Failure Basic Data Management - Well-Architected Framework

Failure Scenario Level Definition

In daily operations, any phenomenon that causes service interruption, service quality degradation, or user service experience decline, regardless of the reason, is called a failure or fault. The division of fault impact level is the definition of fault level.

The definition of fault level is to specify the fault level as the production safety rules for each business, and to promote the improvement of stability of each business. For example, the standard for evaluating the fault discovery capability of each business team is the monitoring discovery rate of fault level definition. When defining fault levels, it is necessary to design from four dimensions: functional level, business scale, business characteristics, and quantitative impact. A brief reference template for common fault level definition is as follows:

Business scale	Functional Category	Impact Area	P1	P2	P3	P4
Large Scale	Critical Function	Success rate drops by more than 30%	P1
		Success rate drops by 20% to 30%		P2
		Success rate drops by less than 20%			P3
	Non-Critical Function	Success rate drops by more than 30%		P2
		Success rate drops by 20% to 30%			P3
		Success rate drops by less than 20%				P4
Small Scale	Critical Function	Total success rate drops by more than 45% within 10 minutes	P1
		Total success rate drops by 30% to 45% within 10 minutes		P2
		Total success rate drops by less than 30% within 10 minutes			P3
	Non-Critical Function	Total success rate drops by more than 45% within 10 minutes		P2
		Total success rate drops by 30% to 45% within 10 minutes			P3
		Total success rate drops by less than 30% within 10 minutes				P4

Failure Scenario Monitoring Coverage

Based on the scenario defined by fault level, configure corresponding monitoring items to access 24/7 monitoring duty, and provide additional intelligent alarms based on algorithms for the access monitoring data, or access risk alarms that can be closed-loop by R&D, to ensure the monitoring discovery rate of business faults, reduce the fault duration, and reduce the fault impact.

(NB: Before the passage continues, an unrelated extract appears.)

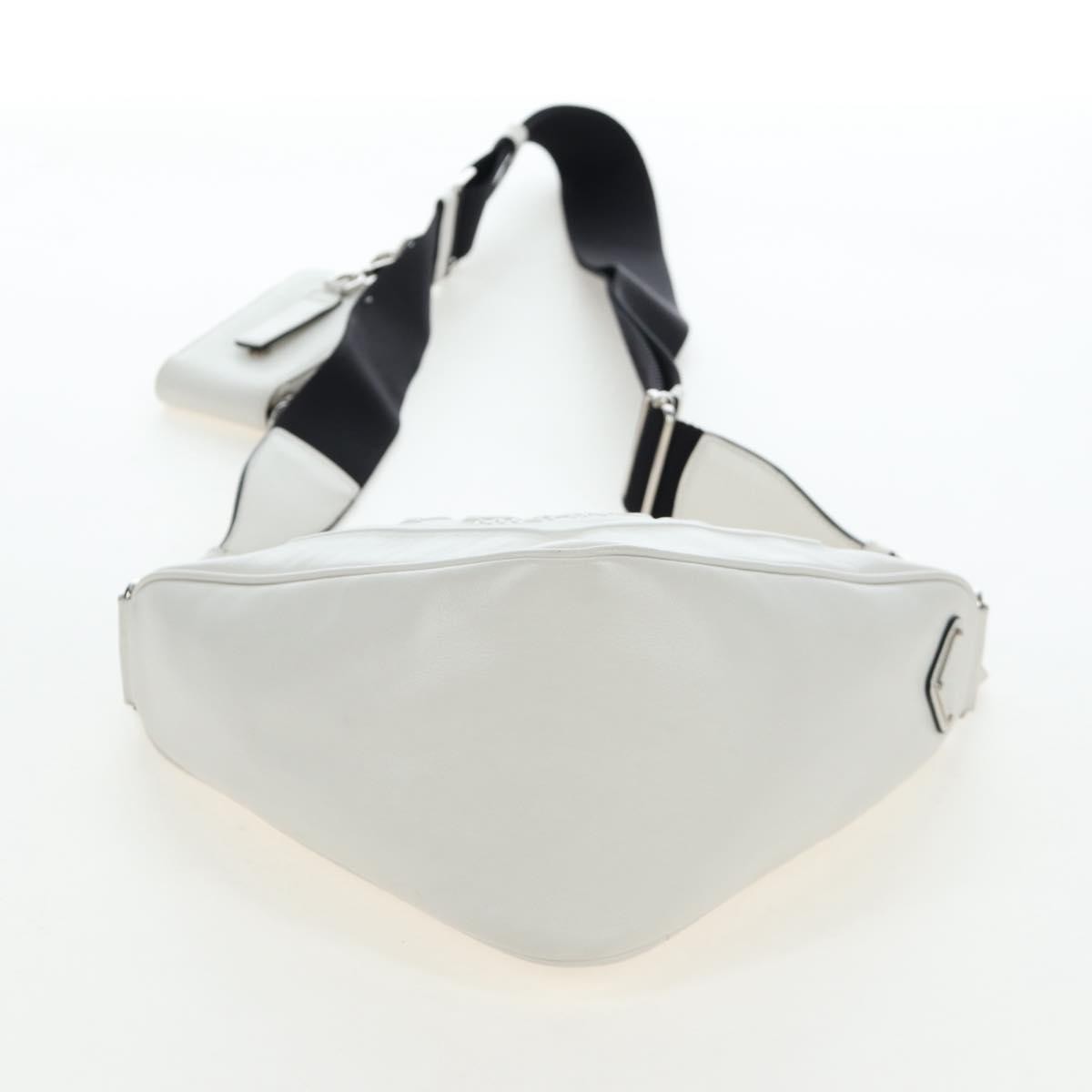 Prada Triangle Logo Wristlet Embossed Leather, White, Leather, Clutch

To ensure the fault discovery rate, it is recommended to maintain a fault scenario monitoring coverage rate of over 95%.

Service Group & Duty Roster Management

Associate the personnel group related to fault emergency with the stakeholders in the fault scenario, and support service groups and duty rosters to automatically and quickly notify responsible personnel to go online for processing after fault startup. Explanation of terms:

Service Group: A group of personnel providing services, including fault handling, work order handling, etc.
Duty Roster: A schedule of service group members, making fault emergency work more planned and less likely to be missed.
Escalation Group: A type of service group, through service groups and escalation groups, the escalation path between groups can be expressed.
Relationship between Service Group and Business Fault Group: One service group corresponds to one role in the fault, but can serve multiple fault business groups.
Relationship between Service Group and Work Order Problem Classification: One service group can serve multiple work order problem classifications.
Relationship between Service Group and Organizational Structure: One service group can serve multiple organizational structures, and one organizational structure can be divided into multiple service groups.

Failure Subscription Management

Fault notification subscription is used to maintain fault notification recipients and send notification via different channels based on different conditions. Fault subscription objects can be divided into three types: individuals, stakeholders roles, and DingTalk groups or other notification channels. By configuring fault notifications and subscriptions reasonably, relevant stakeholders can receive timely alerts.